Publication: Defence-Aerospace.com Issued: Date: 2010-08-12 Reporter:

Probe into German-Greek Arms Deals Reveals Murky Side of Defense Sales

 

Publication 

Defence-Aerospace.com

Date 2010-08-12
Web Link www.defence-aerospace.com

 
Investigations into the German submarine deal with Greece has peeled away another layer of fraudulence. The German firm Ferrostaal, is suspected of paying bribes to politicians through a Greek company in the German submarine deal with Greece. At the same time, prosecutors are trying to determine whether Greece overpaid or agreed to deals for military equipment it did not need.

With acknowledgements to Anna Majavu and Sowetan.



Sound familiar?

It sounds familiar because it is familiar.

Ferrostaal is another company whose business model is bribery and corruption. Mainly international bribery and corruption.

Just like its sister company Thyssen.

Both companies are now part of the conglomerate Thyssen Krupp Marine Systems.

Ferrostaal supplied coastal submarines to the SA Navy. Submarines it did not need and cannot afford to run.

Thyssen supplied frigates to the SA Navy. Frigates it did not need and cannot afford to run.

All familiar.

Ferrostaal also bribed the Portuguese authorities to buy submarines.

But while investigations are ongoing in Portugal and Greece, they were never followed through either in South Africa or Germany, albeit that the German investigating authorities found a mountain of documentary evidence that Ferrostaal paid even bigger bribes to win the South African submarine deal than Thyssen did to win the South Africa frigate deal.

This evidence was found when Ferrostaal was raided when searching for evidence relating to Thyssen's deal. By they Thyssen Krupp had purchased Ferrostaal and so the former was warehousing its tax and other documents at is sister company's premises in Essen. Thyssen is based in Dusseldorf.

And they found the motherload - implicating both Thyssen and Ferrostaal.

You see, in those days (pre 1999) bribes to foreign officials were tax deductible as "useful expenditure". So not only are the transactions recorded, they appear almost indelibly in the company's tax records, income statements and expense statements.

But the groot koppe at both Thyssen and Ferrostaal have prevailed upon Dr Angela Merkel to otherwise defeat and delete the investigations against them in South Africa.

The same way as things were done in France to thwart the investigation there against Thomson-CSF.

But an important question that should be asked by the critical, why are investigations allowed to proceed against giant multinationals in foreign countries, yet invariably get abandoned in South Africa, a relatively unimportant member of the internal community.

It is because it involves politicians right to the very top in each country, starting off with Mandela and Mbeki in South Africa, John Major and Tony Blair in the UK and Helmut Kohl in Germany.

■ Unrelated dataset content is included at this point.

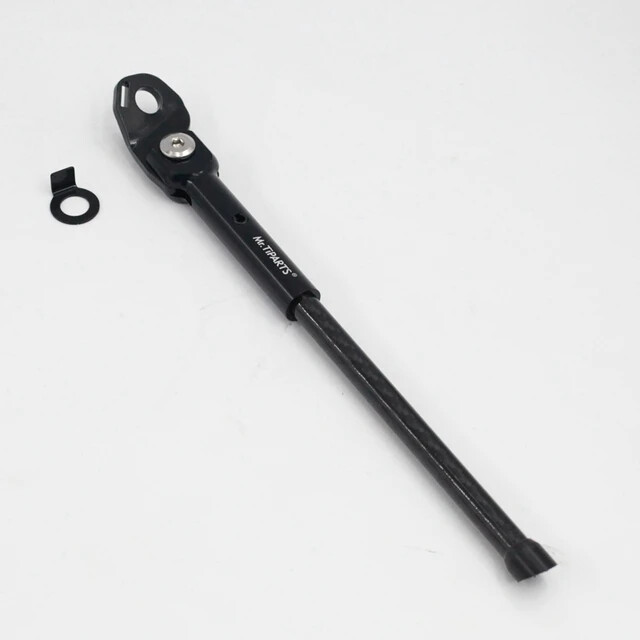 Foot Support P Line Kickstand For Brompton Folding Bike Single Side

They made those deals. These were the genuine smoky room deals.

Now no-one wants to go anywhere near looking at the involvement of Saint Nelson and his absolutely corrupted ANC.

Saint Nelson even gave R3 million of his own money to Jacob Zuma when it was made known to the former that the latter was falling under the spell of Schabir Shaik and Thomson-CSF due to his enormous consumption of viagra and other family expenses.

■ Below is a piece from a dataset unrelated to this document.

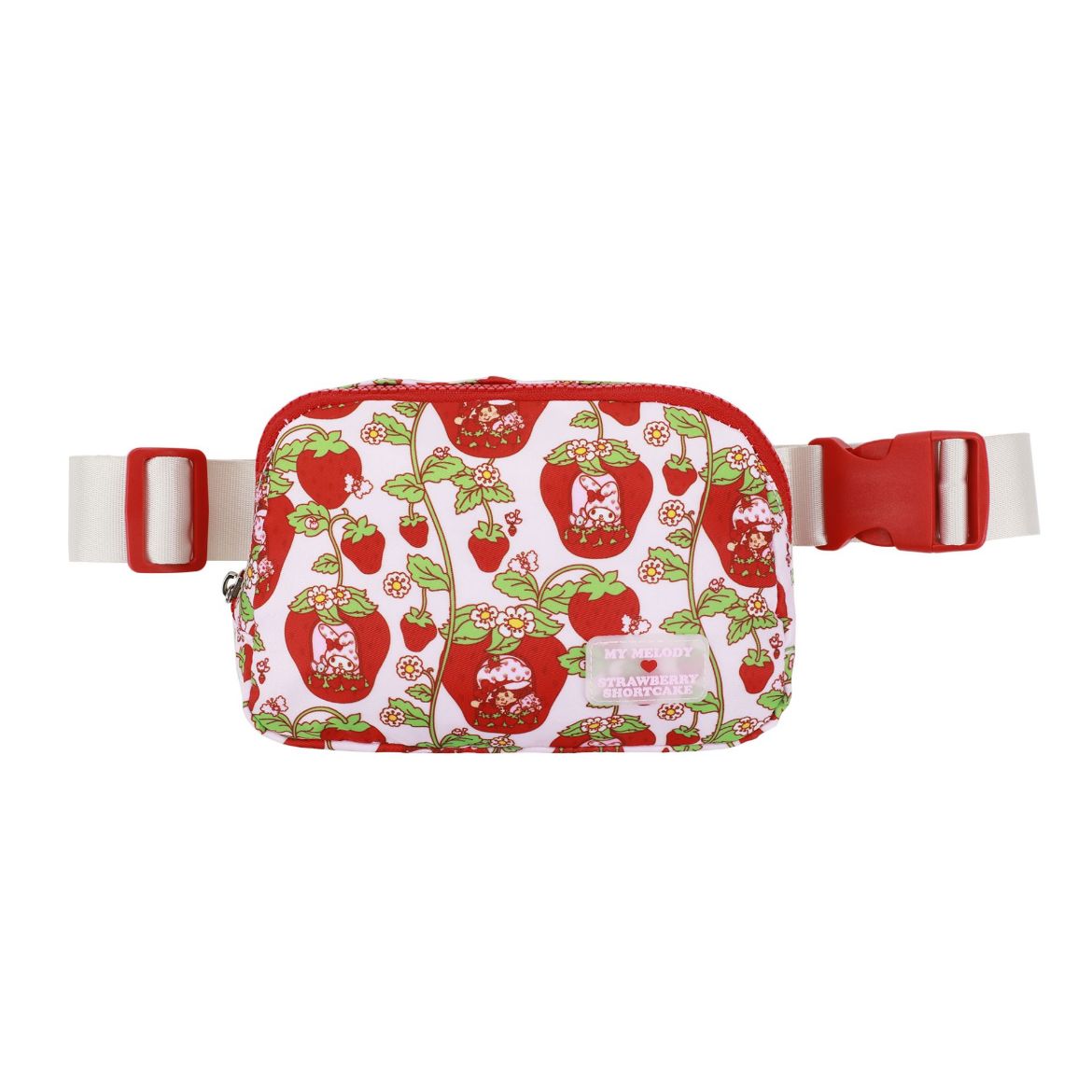 Picture of Hello Kitty & Friends Fanny Packs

Where did Nelson get this money?

Where did his wife Winnie, then chairwoman of the ANC Women';s League get their R72 million cut?

From Thyssen, Ferrostaal and Thomson-CSF that's where.

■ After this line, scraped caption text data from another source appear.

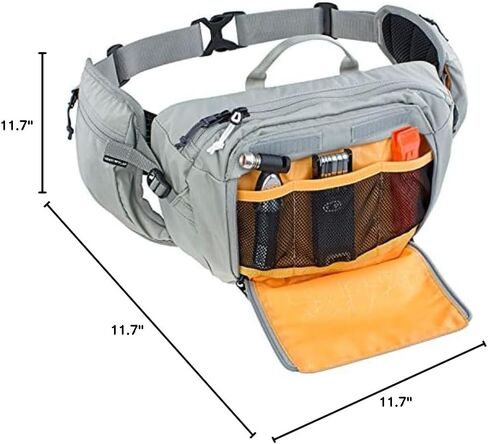 evoc HIP PACK 3 in Saudi Arabia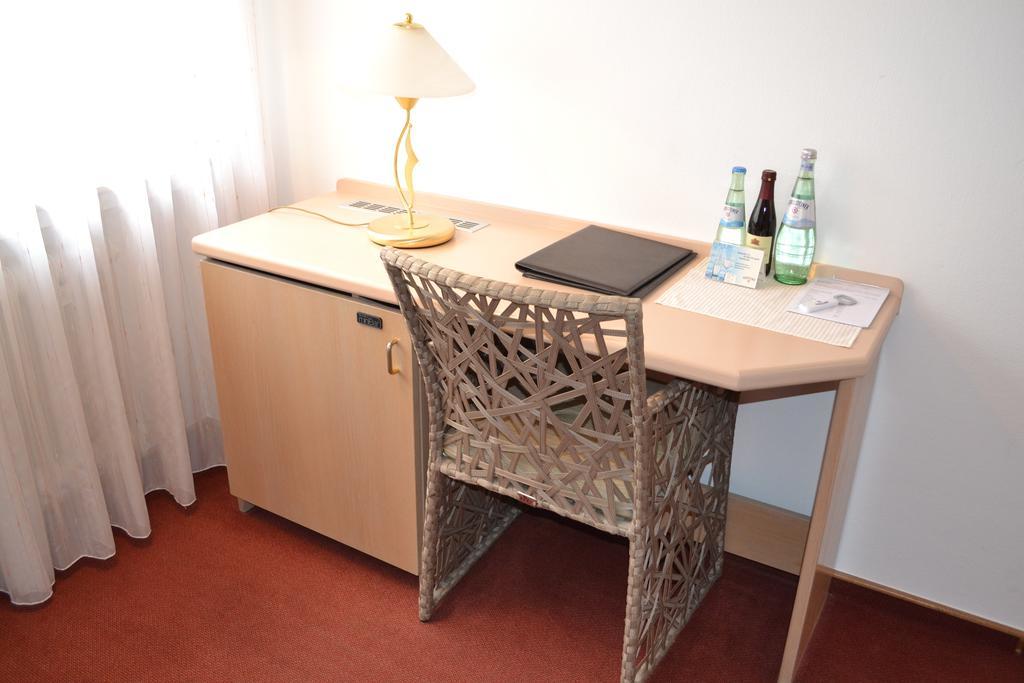 Hotel Hospiz Tübingen Pokoj fotografie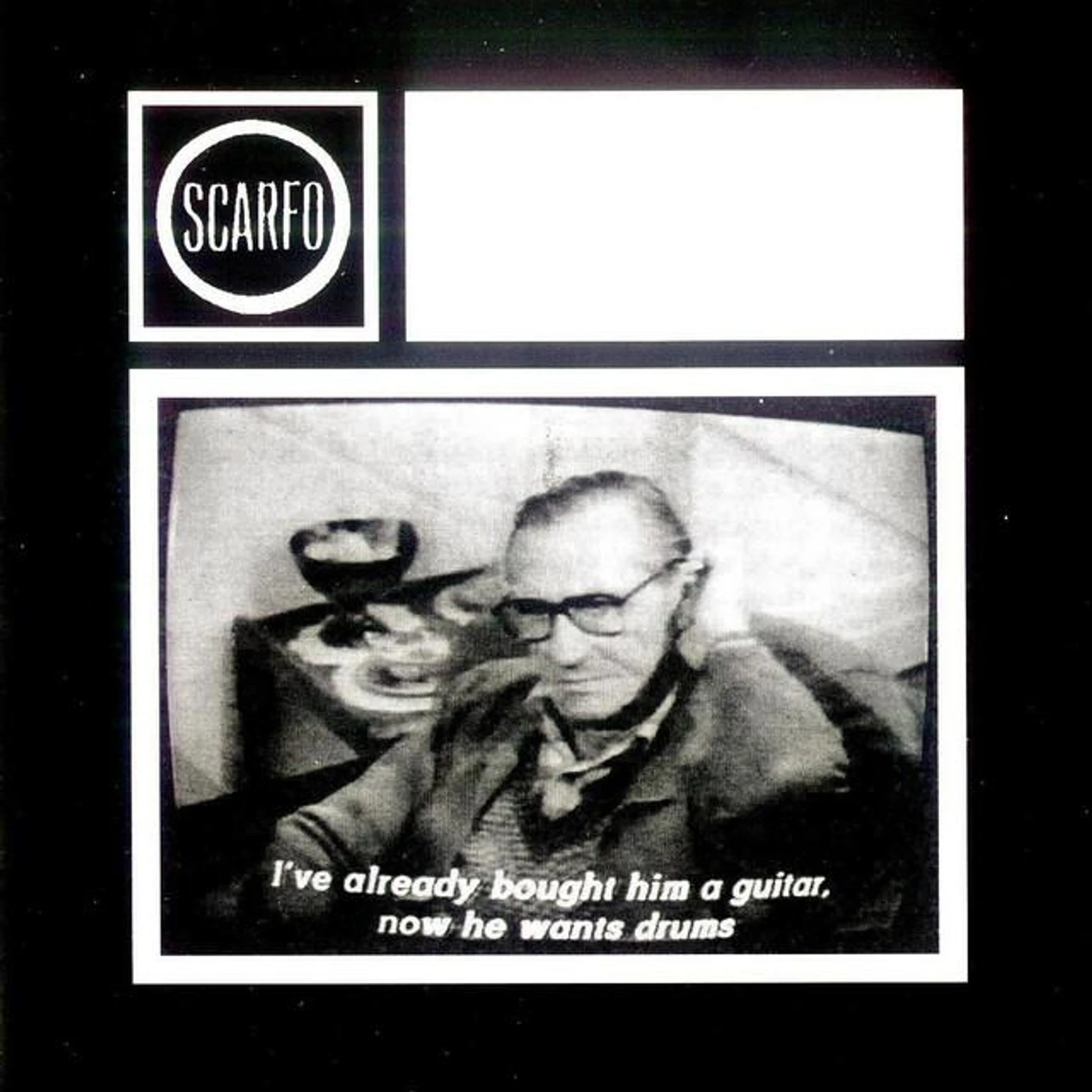 Scarfo Brand Page
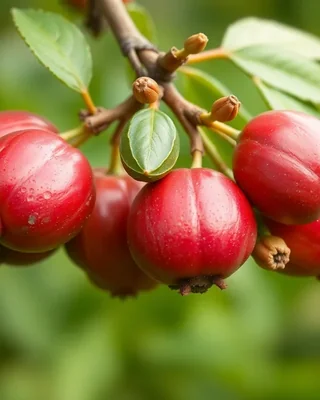 monkey plum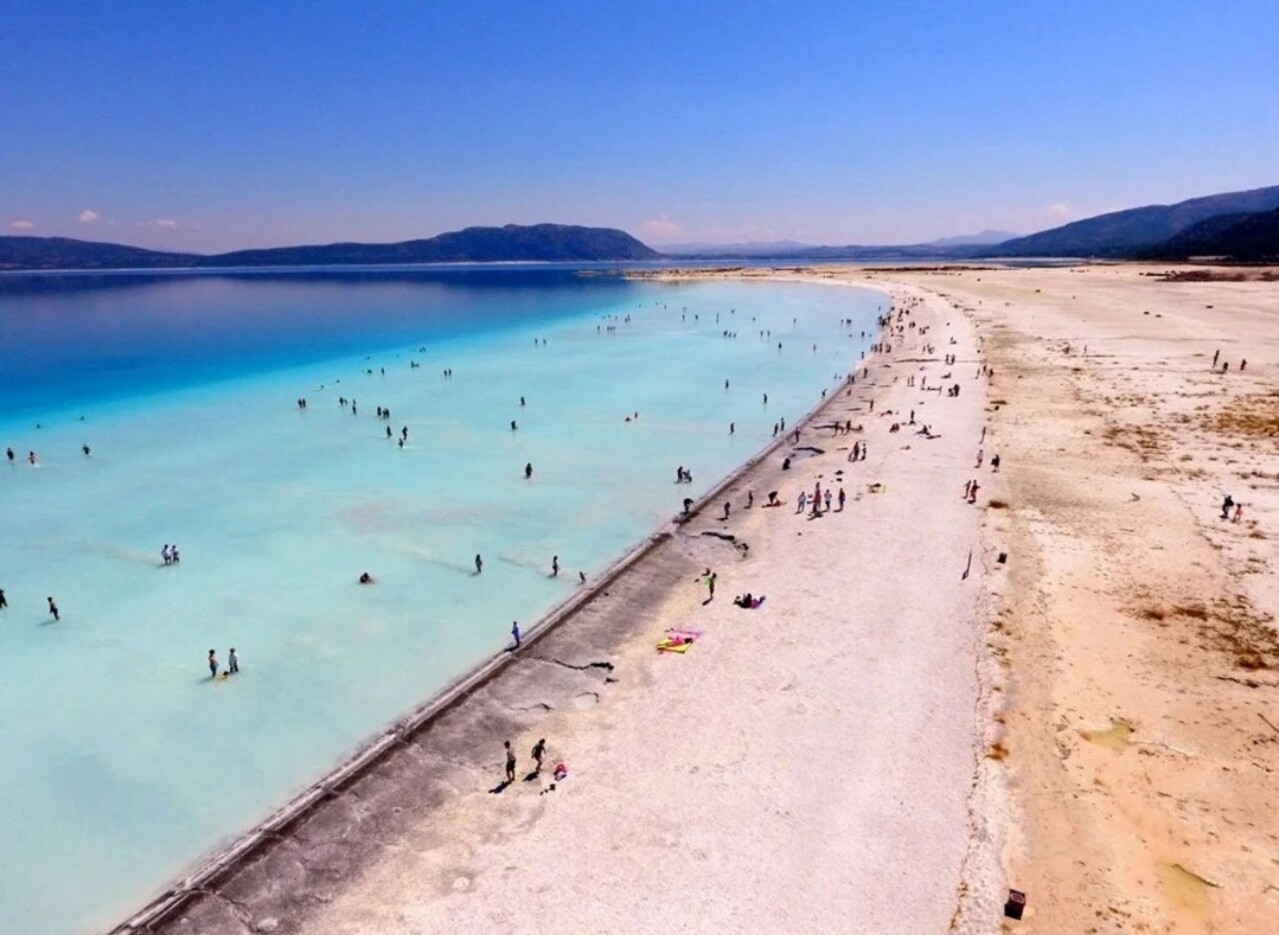 Maldivler Sandilar Meger Turkiye Deymis Gorenler Hayran Bilmeyenler Saskin Salda Golu Nde Yeni Kesif 82248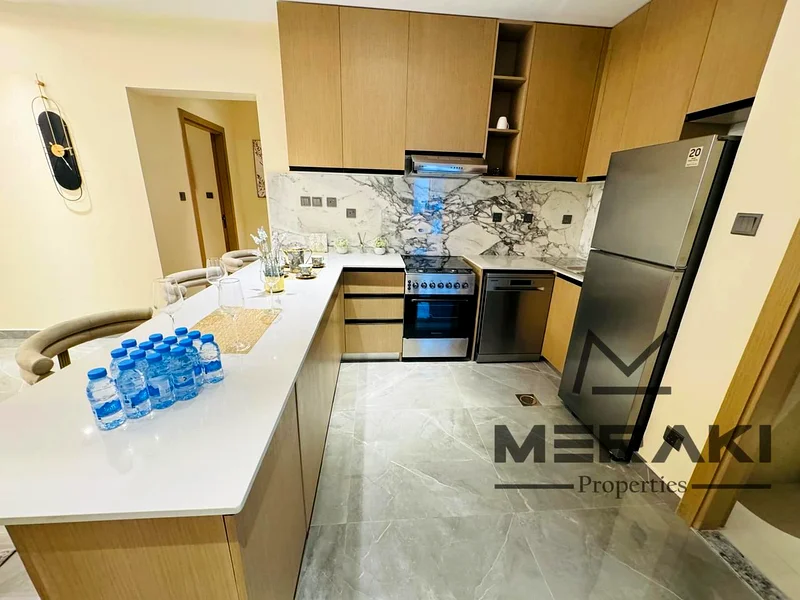 Pay **20% down payment** and own your apartment along with an **Investor Visa** in the most prestigious projects of Ajman.63877988539649114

Probably around R300 million, R350 million and R300 million respectively (all 1999 Rands), that's how much.

In the meantime British Aerospace lashed out with R1 200 million. About R200 million was in overt payments as overt commissions. Richard Charter could be said to deserve about R20 million of this as his share of the overt commissions. But he also got another R100 million or so as covert commissions. But he's now dead.

Altogether the graft on the Arms Deal was about R2 billion out of R30 billion (all 1999 Rands), about 7,5%.

Funny that's about twice what I estimated it to be in an interview in circa 2001/2 with Dr Peter Bachelor and Prof Paul who were doing a study into the financial aspects of the Arms Deal on behalf of the Dept of Finance.